**EXERCISE DESCRIPTION:**
Set down, please, exactly the lines below that run from the line with "Cra-Z-Art: Shimmer and" to the line with "Six Points Modern", both lines included.

**RECORDED INFORMATION:**
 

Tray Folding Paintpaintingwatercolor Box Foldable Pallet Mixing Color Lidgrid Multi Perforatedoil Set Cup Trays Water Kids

...

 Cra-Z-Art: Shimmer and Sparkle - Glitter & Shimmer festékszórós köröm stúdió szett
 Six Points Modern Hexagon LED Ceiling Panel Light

--

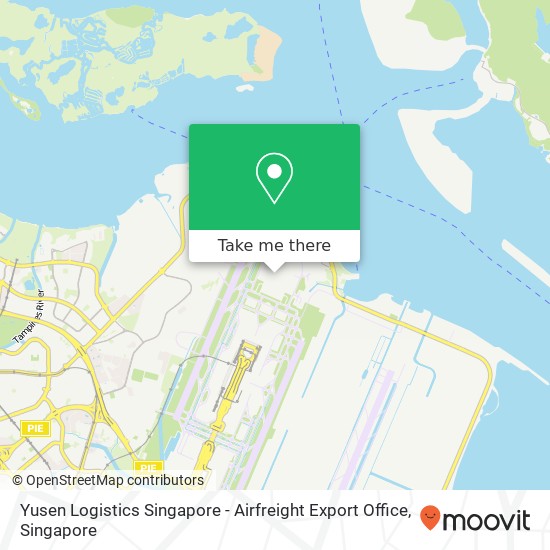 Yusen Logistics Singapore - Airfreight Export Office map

**RESULT OF THE EXERCISE:**
 Cra-Z-Art: Shimmer and Sparkle - Glitter & Shimmer festékszórós köröm stúdió szett
 Six Points Modern Hexagon LED Ceiling Panel Light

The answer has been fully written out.